When my Papa was middle-aged, he found the love of his life.
She was my grandmother. And through the years I was privileged enough to watch them live out that love right in front of me. While they surely had struggles and bumps like everyone else, they had something else too. What was it?
I am pleased to report that I don’t know.
But I saw it when he looked at her.
And I heard it in his laugh.
I learned what to expect from men in my faraway future by watching him treat her with respect, with dignity, with never-ending fascination. I learned what a real man worth his salt in this world should look like, should act like, should be. For all her many quirks and eccentricities and no matter how many times the wigs flew off or the cigarette dipped in the morning coffee cup, he gifted her with unwavering love and devotion. Sometimes it was eye-rolling twinkled-eyed devotion - but devotion nonetheless.
She was and would always be the love of his life.
There were many things about my beloved grandmother that could-make-a-preacher-cuss (some might say I inherited some of that cussability factor) and many differences in the way they went about coping with their worlds and dealing with people - she, a colorful and semi-raucous individual with a sly and wrinkle nosed glance, a hopeless and rather comical hypochondriac and a penchant for high heels and gentle dancing. He, a protective bear of a man at every turn, confident, happy and a hopeful sufferer of legitimate ailment, yet incapable of feeling anything but gratitude for each day he lived, whether or not he was in pain and more than determined to make her imaginary illnesses tolerable by ministering to her every need even when we all knew that the bat of her eyelash was more for his benefit than needed salve for any ailment. It wasn’t in his nature to argue with the beautiful and whimsy creature he called wife.
She was a character foreign to his outward way of living but crucial to his inward way of loving.
The inward was always more important to my Papa.
They were delicately and diametrically different.
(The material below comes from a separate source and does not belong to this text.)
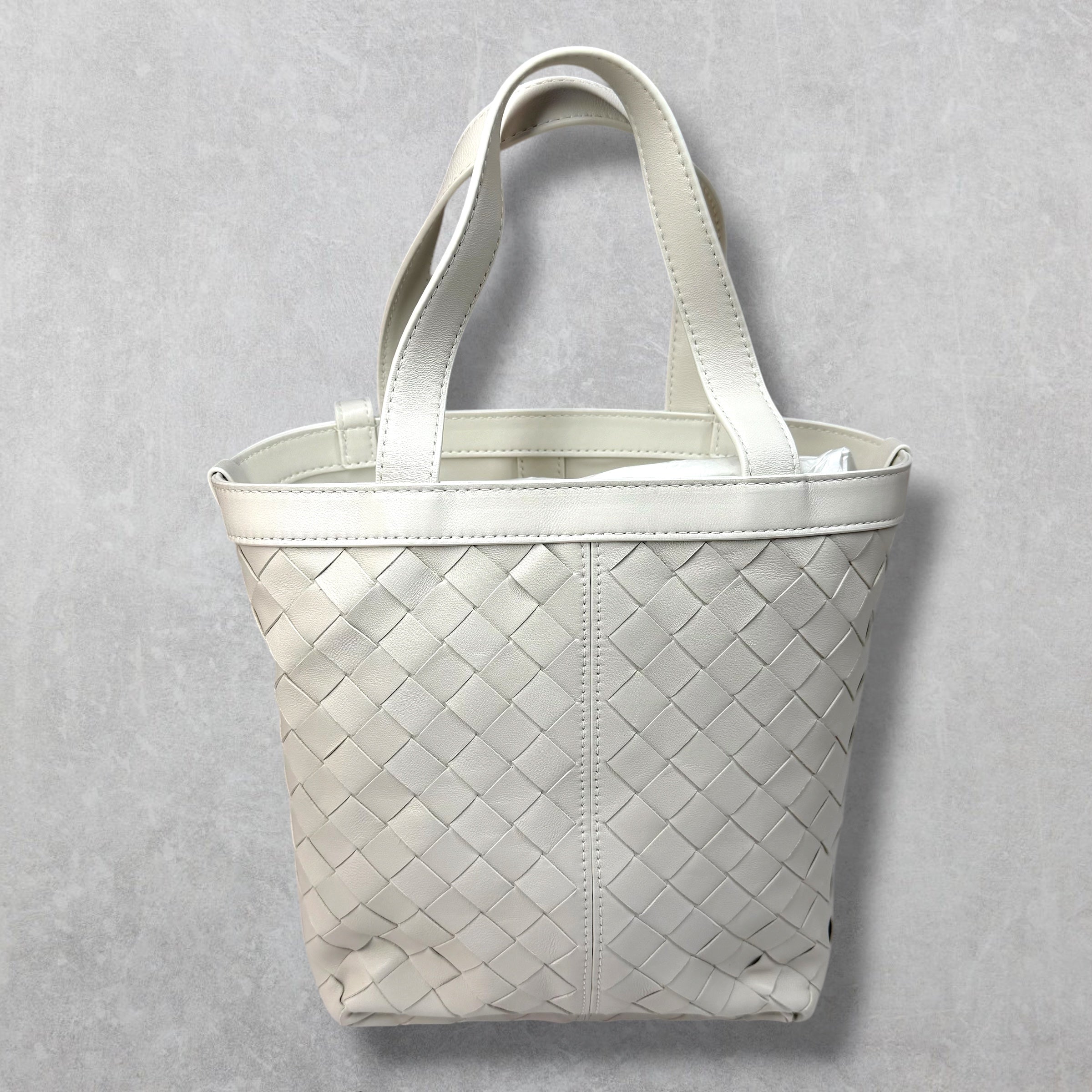 Bottega Veneta White Small Flip Tote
All of that disappeared the minute she looked across the table at him. I saw it many times.
She never smiled at him; she smiled
into him. He smiled into her.
What WAS that?
I am happy to report that I do not know.
All I know is.....
You don’t know you have it until you’ve got it.
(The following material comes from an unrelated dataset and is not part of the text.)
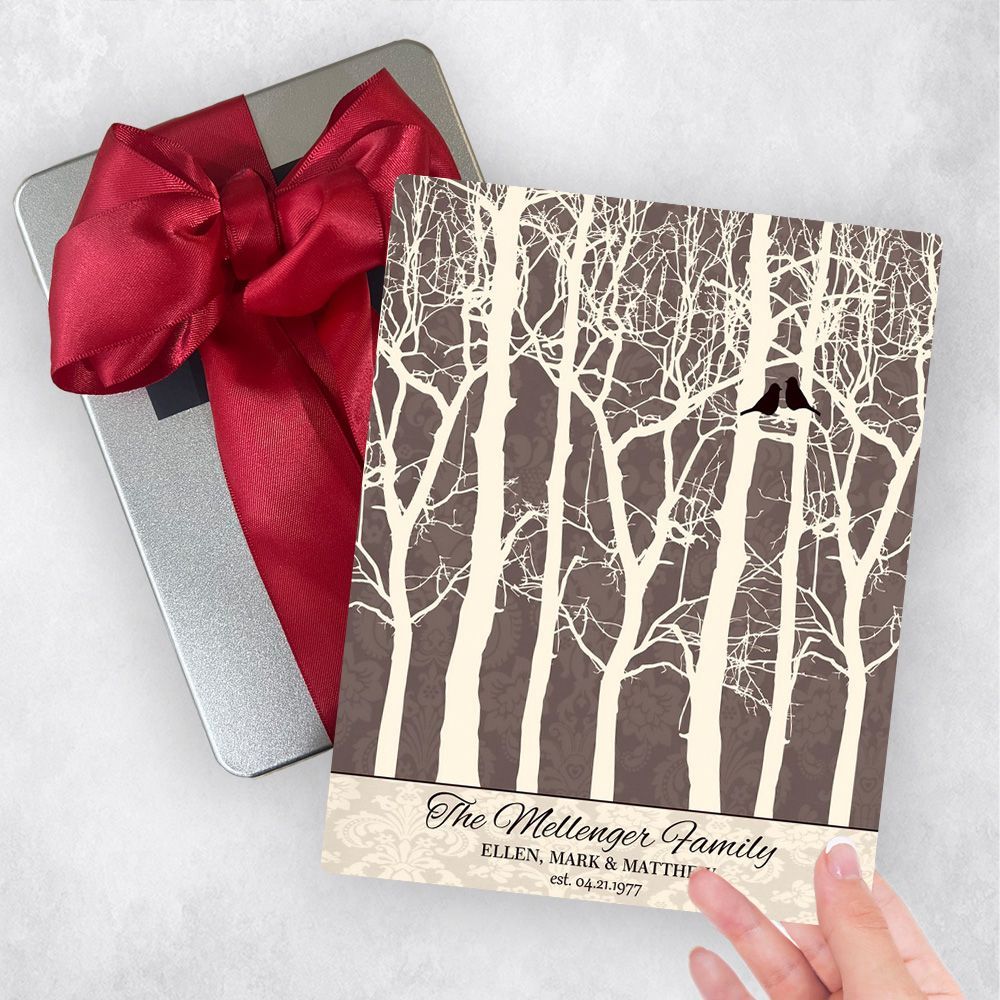 Branchy Forest Anniversary Gift Delivery Box Gift for Couple TOY-1193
You don’t know you don't have it until you’ve got it.
You don’t know you need it….until you don’t.
Enter gothic grandmother and a tall praying man in a fine starched shirt and matching hat.
It occurred to me this week in preparation for peace week that as much as I’ve focused on what my Papa and those
marvelous marbles have taught me in my spirit and heart since this whole peace globe movement began and how the whole blessed thing is in reality based on NOTHING I can logically explain and how it was birthed with the little girl in my heart who missed her grandfather ….and wanted to honor his influence in my life, that
really, in essence, the entire scope of the peace globe movement is based on coincidences of random occurrences that blossomed into a cohesive ball of fire and substance - much like their relationship, much like their example, much like their love.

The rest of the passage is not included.